ABSTRACT | The Dragon Skin Pavilion is an architectural art installation that challenges and explores the spatial, tactile, and material possibilities architecture is offered today by revolutions in digital fabrication and manufacturing technology. The pavilion, built in the winter of 2012, is a study on how architects can reassert control over parts of the construction process previously surrendered to manufacturers and contractors, and how this enables them to materialise discoveries from the digital into the built environment.

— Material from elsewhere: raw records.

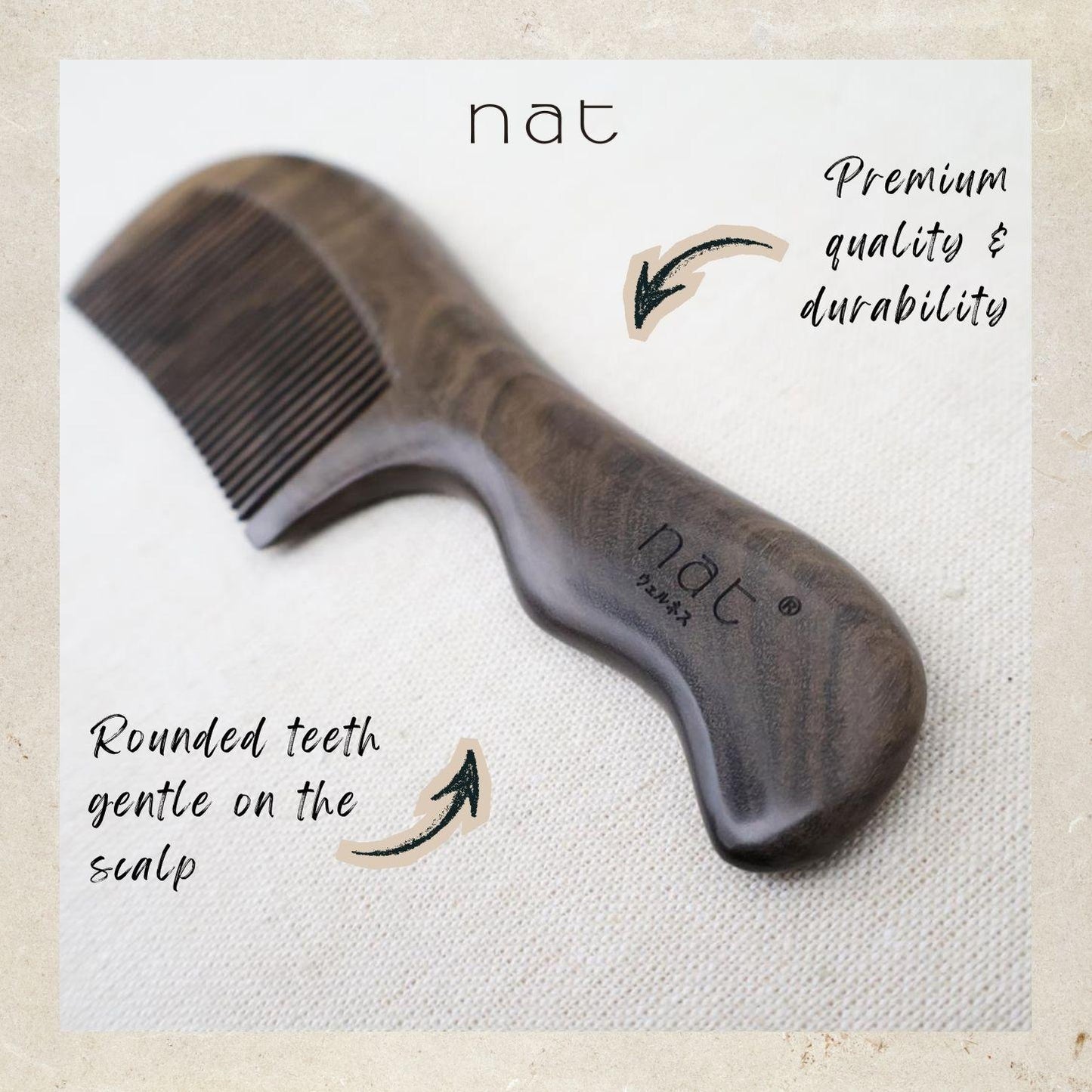 NAT Natural Smooth Care Chacate Preto Wooden Wood Narrow Tooth Ergonormic Handy Premium Anti-Static Comb - 9925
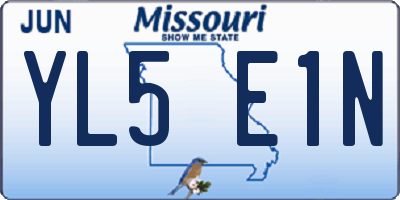 MO license plate YL5E1N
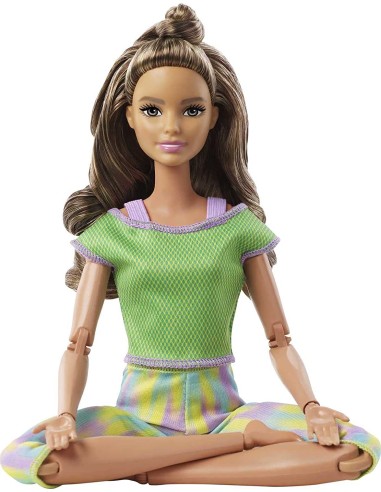 Barbie Bambola Snodata Castana chiara abito verde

The Pavilion is a non-ruled, double curved, freeform structure which uses gravity as a driver for its shape and combines its geometric considerations with mechanical aspects of its fabrication and assembly. The structure starts from an equilibrium surface derived from two catenary lines that form the intersection with the ground plane. Within the constrained working space of this surface wooden shells are distributed. Their location and orientation is iteratively fine-tuned to allow for a rigid interlocking with a simple sliding joint. The shells are made from a new environmentally friendly “post-formable” plywood, which incorporates layers of adhesive film to allow easy single-curved bending without the need for steam or extreme heat. The dimensions of the shells are selected to avoid material loss: a CNC mill divides twenty-one 8x4ft plywood sheets into eight identical square panels, and accurately cuts the unique connection slots that are programmed into the pavilion geometry. Using one single mould, all panels are bent into the same single-curved shape. Within six hours these numbered shells are assembled by slotting them into place without using any plan drawings, glue or screws. The underlying equilibrium surface geometry removes all internal forces and deformations from the pavilion, which becomes a self-supporting, free-standing, light-weight skin.

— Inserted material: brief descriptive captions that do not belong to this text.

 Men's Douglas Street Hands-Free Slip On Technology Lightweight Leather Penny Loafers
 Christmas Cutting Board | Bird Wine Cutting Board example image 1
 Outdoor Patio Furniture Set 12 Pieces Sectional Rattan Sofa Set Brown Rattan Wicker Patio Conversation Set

By radically disintegrating the enclosing shell, the feature one counts on for structural stability dissolves, making the whole pleasantly risky. The simplicity of the components and the familiarity of the single material contradict with the scale and visual complexity of the project which is absent of any additional support. The resulting exhilarating confusion is complimented with caution, caused by the aggressive, animal-like exterior skin full of spikes, a design feature that followed gratis from the fabrication concept. Upon entering the space one feels a thrill from the discomfort of needing to solve the structural puzzle before feeling safe enough to absorb the twisting perspectives and the light bouncing off the rich, natural textures.

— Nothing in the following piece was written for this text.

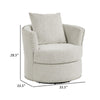 Meil 34 Inch Swivel Accent Chair Beige Chenille Nailhead Trim Solid Wood By Casagear Home BM316335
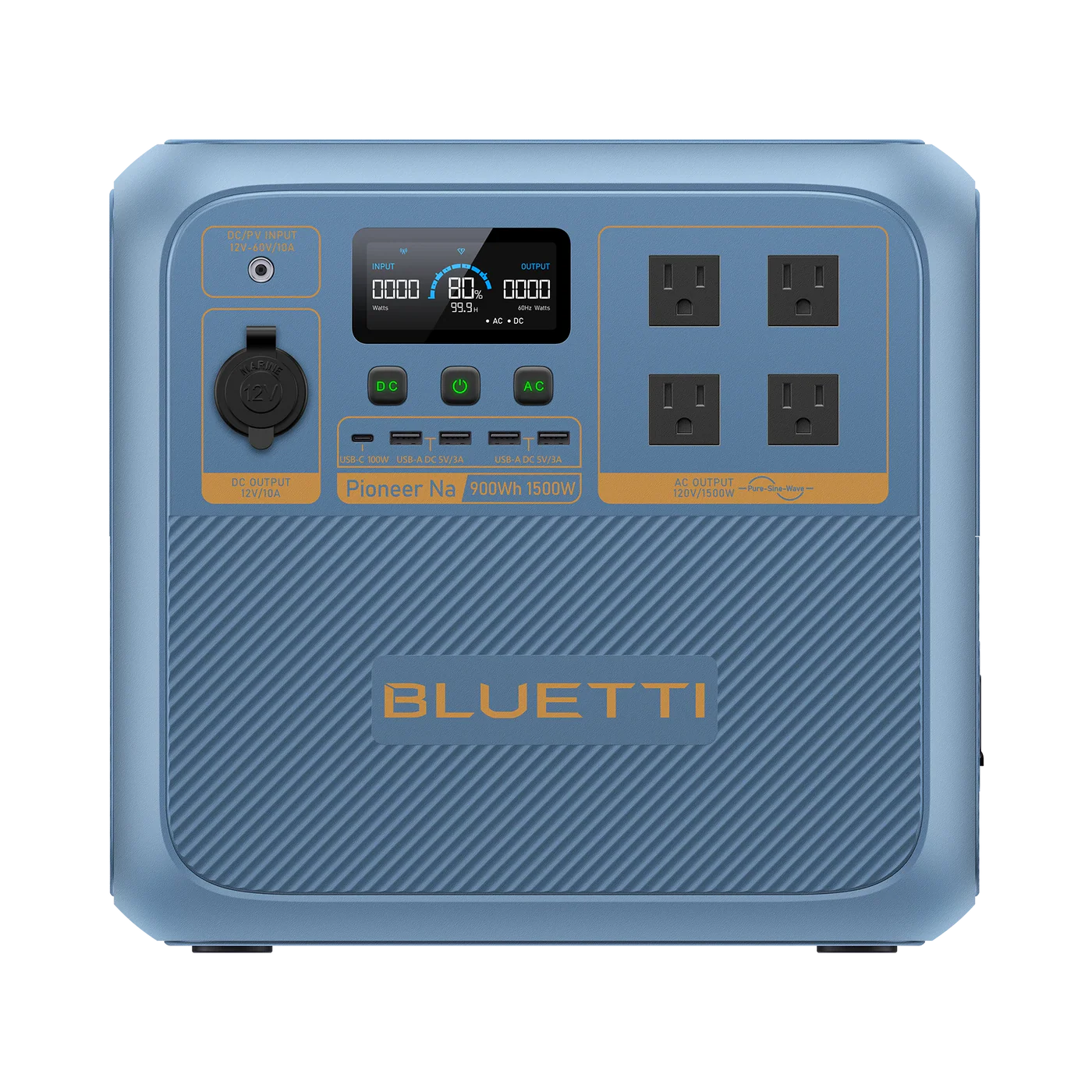 Blue BLUETTI power station on a white background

By actively working with plywood’s high structural performance, and by connecting geometry with mechanics into one single integrated system, the unlimited design freedom we experience digitally can be grounded and materialised in a sustainable way. By combining fully controllable, scripted environments, engineering-driven geometries and real-time performance evaluation tools with developments in digital fabrication, the door is opened for architects to incorporate the efficiencies, low cost and sustainability from conventional mass–production into their formally liberated digital world. In addition, the inherent aesthetic values and effects of informed computational processes open the door for a challenging new architectural design language.